» Brief:
In the listing below, the line containing "Porte carte adhésif" marks the end; copy exactly every line from the first through that one.
§ §
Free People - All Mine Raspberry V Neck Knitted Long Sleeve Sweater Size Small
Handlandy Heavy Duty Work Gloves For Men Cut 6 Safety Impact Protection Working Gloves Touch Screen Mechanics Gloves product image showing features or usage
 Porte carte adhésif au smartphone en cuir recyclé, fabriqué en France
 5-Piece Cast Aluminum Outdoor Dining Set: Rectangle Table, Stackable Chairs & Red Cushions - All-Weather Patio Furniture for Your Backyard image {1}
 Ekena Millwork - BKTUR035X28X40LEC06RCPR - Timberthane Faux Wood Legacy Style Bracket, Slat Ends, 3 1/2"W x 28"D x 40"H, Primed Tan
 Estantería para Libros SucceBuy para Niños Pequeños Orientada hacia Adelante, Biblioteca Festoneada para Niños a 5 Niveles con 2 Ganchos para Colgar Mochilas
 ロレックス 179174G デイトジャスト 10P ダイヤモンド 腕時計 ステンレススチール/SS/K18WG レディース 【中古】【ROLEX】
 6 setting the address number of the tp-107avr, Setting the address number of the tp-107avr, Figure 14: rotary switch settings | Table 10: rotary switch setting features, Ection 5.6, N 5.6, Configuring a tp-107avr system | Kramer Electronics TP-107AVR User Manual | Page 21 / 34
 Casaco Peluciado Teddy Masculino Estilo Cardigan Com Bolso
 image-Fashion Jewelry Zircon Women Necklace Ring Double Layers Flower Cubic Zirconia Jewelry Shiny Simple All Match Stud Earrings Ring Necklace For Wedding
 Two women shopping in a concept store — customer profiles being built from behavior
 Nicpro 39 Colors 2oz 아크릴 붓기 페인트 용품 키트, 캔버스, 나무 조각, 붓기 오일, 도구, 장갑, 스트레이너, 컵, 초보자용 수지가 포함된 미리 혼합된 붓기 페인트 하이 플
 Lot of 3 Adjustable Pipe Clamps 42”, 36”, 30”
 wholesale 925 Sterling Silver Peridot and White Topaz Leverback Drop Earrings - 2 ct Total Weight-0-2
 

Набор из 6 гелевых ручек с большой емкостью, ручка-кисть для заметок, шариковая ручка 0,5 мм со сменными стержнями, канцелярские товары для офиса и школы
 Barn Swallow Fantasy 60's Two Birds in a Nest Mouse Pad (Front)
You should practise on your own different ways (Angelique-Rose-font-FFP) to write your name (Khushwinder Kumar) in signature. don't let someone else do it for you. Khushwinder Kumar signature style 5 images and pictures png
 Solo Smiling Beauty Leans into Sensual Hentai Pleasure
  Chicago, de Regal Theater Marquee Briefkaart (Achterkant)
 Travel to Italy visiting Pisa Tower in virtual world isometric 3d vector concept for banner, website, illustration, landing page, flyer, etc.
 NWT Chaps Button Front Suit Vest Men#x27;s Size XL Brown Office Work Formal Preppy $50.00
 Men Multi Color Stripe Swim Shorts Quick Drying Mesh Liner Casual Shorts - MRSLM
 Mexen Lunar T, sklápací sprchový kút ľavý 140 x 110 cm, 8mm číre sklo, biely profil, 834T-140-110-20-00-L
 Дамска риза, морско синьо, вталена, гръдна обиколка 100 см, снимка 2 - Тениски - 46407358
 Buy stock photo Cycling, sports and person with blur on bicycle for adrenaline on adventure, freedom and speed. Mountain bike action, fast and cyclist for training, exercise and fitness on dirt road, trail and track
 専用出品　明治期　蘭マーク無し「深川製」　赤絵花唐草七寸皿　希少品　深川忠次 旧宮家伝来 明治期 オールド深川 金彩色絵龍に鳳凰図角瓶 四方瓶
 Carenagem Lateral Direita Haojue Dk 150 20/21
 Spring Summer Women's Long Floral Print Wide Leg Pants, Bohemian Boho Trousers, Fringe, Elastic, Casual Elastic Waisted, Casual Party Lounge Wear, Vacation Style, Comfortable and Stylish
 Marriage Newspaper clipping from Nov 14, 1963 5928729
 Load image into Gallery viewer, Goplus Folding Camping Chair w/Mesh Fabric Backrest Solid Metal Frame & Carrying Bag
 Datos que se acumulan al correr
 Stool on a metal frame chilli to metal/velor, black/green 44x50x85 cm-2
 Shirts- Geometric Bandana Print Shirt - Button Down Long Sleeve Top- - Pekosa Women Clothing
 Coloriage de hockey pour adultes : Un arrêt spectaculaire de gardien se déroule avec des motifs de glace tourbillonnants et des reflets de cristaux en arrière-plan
§ §
» Answer below:
Free People - All Mine Raspberry V Neck Knitted Long Sleeve Sweater Size Small
Handlandy Heavy Duty Work Gloves For Men Cut 6 Safety Impact Protection Working Gloves Touch Screen Mechanics Gloves product image showing features or usage
 Porte carte adhésif au smartphone en cuir recyclé, fabriqué en France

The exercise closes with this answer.